Triangle Calculator

Named after Hero of Alexandria (circa 60 CE), Heron's formula computes a triangle's area using only its three side lengths — no height, no angles, no coordinate geometry required. This is remarkable because computing area traditionally requires knowing the perpendicular height from a vertex to the opposite side, which is often difficult or impossible to measure directly for irregular or scalene triangles in field conditions. The formula first computes the semi-perimeter s = (a+b+c)/2, then uses it in a symmetric expression involving all three sides: Area = √(s(s−a)(s−b)(s−c)).

The symmetry is elegant — each side appears identically in the formula, so it doesn't matter which side you call "a" versus "b" versus "c." The derivation (first published in Hero's Metrica) relies on the Pythagorean theorem and clever algebra to eliminate the height variable entirely. Modern applications in surveying, CAD software, GIS mapping, and land measurement use Heron's formula extensively because field measurements typically capture side lengths via GPS or laser rangefinder more easily than perpendicular heights.

Heron's formula is ideal when you know all three sides but not the height or any angle — common in surveying scenarios, CAD drawings with only side dimensions, and competition math problems that specify three sides. For right triangles where the two legs meeting at the 90° angle are your base and height, the simpler formula A = ½ × base × height is faster and less computationally expensive. For triangles defined by two sides and the included angle between them (SAS configuration), the trigonometric formula A = ½ × a × b × sin(C) is more direct than converting to three-side format.

Choose the formula that matches your available data. If you have coordinates of the three vertices, the shoelace formula (determinant-based) is most efficient. If you have two angles and one side (AAS or ASA), use the law of sines to find the missing sides, then apply Heron's or the SAS formula. When inputs are approximate (field measurements), Heron's formula is more numerically stable than the law of cosines for angle computation on near-degenerate triangles where one angle approaches 0° or 180°.

The core formula is A = √(s(s−a)(s−b)(s−c)), where s is the semi-perimeter (a+b+c)/2. The Triangle Calculator applies this formula to your three side inputs and returns the exact area value without requiring any angle or height measurement. Behind the result, the calculator also validates triangle inequality — every pair of sides must sum to more than the third side, or the configuration doesn't form a valid triangle (the formula would produce a negative value under the square root).

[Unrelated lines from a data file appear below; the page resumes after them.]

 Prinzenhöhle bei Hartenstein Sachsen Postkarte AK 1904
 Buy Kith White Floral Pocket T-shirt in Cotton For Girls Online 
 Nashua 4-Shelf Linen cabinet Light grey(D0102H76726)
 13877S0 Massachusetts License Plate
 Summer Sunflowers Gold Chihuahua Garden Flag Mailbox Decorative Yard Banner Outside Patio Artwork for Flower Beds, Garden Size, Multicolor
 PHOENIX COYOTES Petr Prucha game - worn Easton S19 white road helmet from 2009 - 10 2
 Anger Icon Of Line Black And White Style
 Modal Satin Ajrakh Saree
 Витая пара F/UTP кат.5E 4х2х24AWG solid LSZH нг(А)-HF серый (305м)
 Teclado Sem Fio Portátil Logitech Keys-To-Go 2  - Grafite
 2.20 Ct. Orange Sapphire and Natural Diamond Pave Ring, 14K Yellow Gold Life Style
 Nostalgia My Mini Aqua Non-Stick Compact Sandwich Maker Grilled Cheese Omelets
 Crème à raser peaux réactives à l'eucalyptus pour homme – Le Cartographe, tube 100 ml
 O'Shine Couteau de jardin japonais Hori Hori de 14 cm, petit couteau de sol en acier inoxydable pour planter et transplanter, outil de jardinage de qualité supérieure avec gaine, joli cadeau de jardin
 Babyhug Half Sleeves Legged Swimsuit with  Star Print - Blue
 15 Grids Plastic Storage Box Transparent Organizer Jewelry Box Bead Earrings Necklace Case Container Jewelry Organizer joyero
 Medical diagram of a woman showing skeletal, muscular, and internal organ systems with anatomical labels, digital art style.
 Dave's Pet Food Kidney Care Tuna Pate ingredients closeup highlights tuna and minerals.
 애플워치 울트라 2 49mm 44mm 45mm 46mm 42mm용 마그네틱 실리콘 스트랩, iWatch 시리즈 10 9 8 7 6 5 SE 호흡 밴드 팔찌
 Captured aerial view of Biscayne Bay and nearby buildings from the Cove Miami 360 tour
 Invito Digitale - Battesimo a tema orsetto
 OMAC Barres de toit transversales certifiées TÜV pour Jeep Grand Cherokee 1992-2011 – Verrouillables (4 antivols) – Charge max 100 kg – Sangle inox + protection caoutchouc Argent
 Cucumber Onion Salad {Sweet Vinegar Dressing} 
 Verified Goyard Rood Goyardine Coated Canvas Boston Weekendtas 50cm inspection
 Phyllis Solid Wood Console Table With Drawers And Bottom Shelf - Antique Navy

Small changes in input produce proportional changes in output, which is why double-checking each measurement matters when the result feeds downstream calculations (material quantities, land values, fabrication specs). For triangles with one very small angle and two near-equal long sides, Heron's formula can lose precision due to catastrophic cancellation in the subtraction steps — in those edge cases, a numerically stable variant by Kahan (which sorts the sides first) preserves accuracy. For typical triangles with well-separated side lengths, the standard formula is accurate to the full precision of the input measurements. Measurements in feet produce square feet; meters produce square meters — the formula is dimensionally consistent across any unit system.